> AVAILABLE DATA

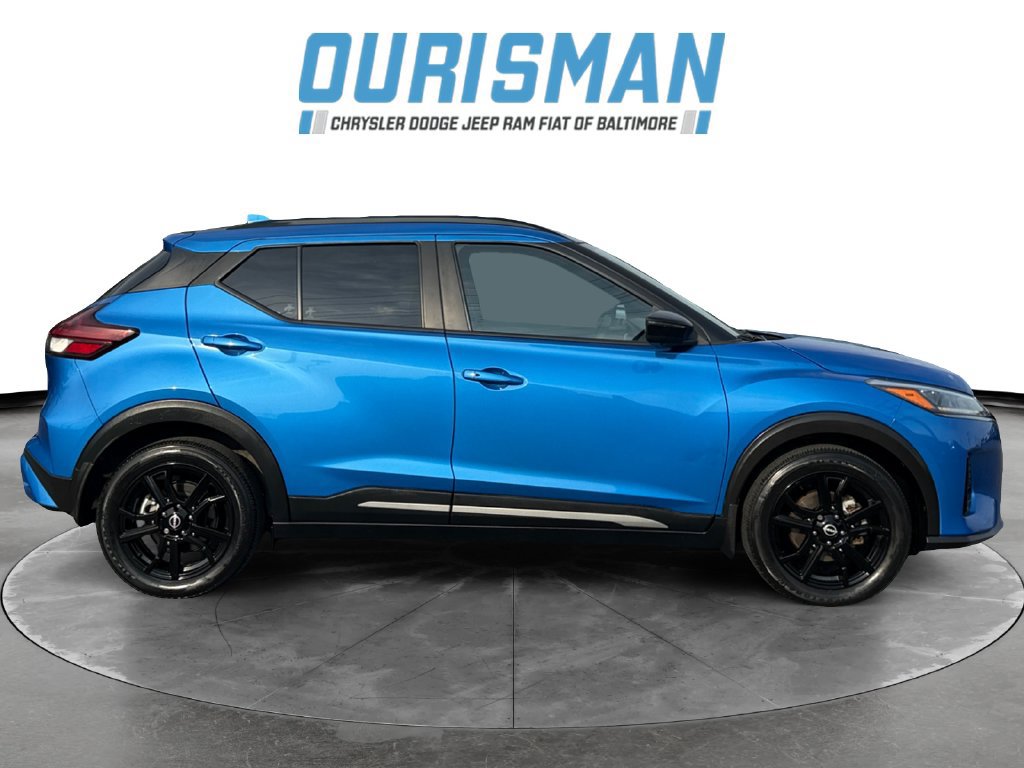 Used 2023 Nissan Kicks SR w/ SR Premium Package FWD image 7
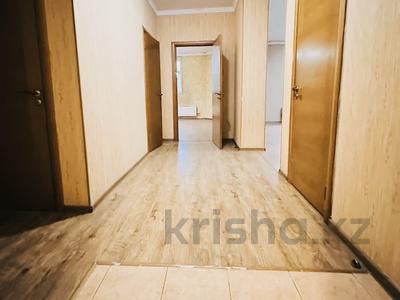 2-комнатная квартира · 80 м² · 5/14 этаж, ул. Шахмета Хусаинова за 57 млн ₸ в Алматы, Бостандыкский р-н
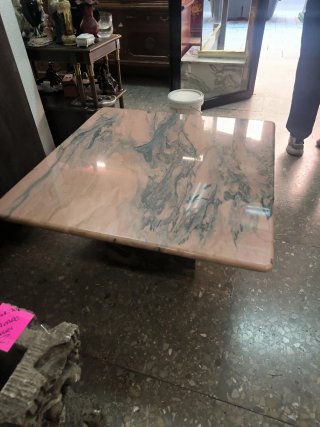 Mesa de centro de mármol portugués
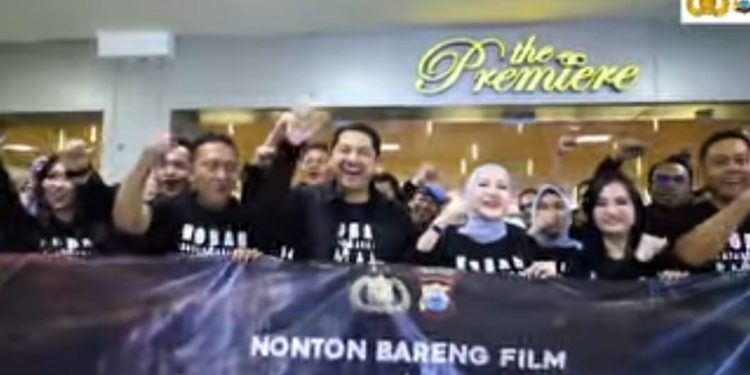Kapolrestabes Makassar Bersama Personil Nonton Bareng Sayap Sayap Patah 2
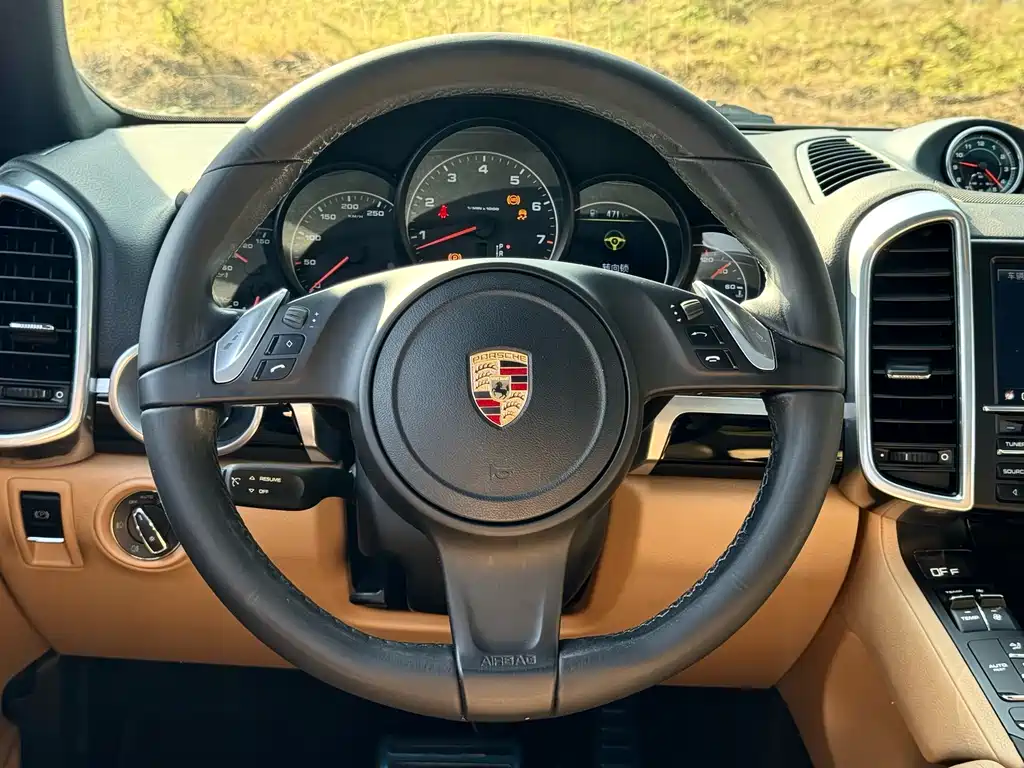 Porsche Cayenne — миниатюра 10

> YOUR GOAL
If pictures appear, drop them, and retype exactly the lines from the "Kapolrestabes Makassar Bersama" line through the last line of the data above.

> RESPONSE TO THE EXERCISE
Kapolrestabes Makassar Bersama Personil Nonton Bareng Sayap Sayap Patah 2
 Porsche Cayenne — миниатюра 10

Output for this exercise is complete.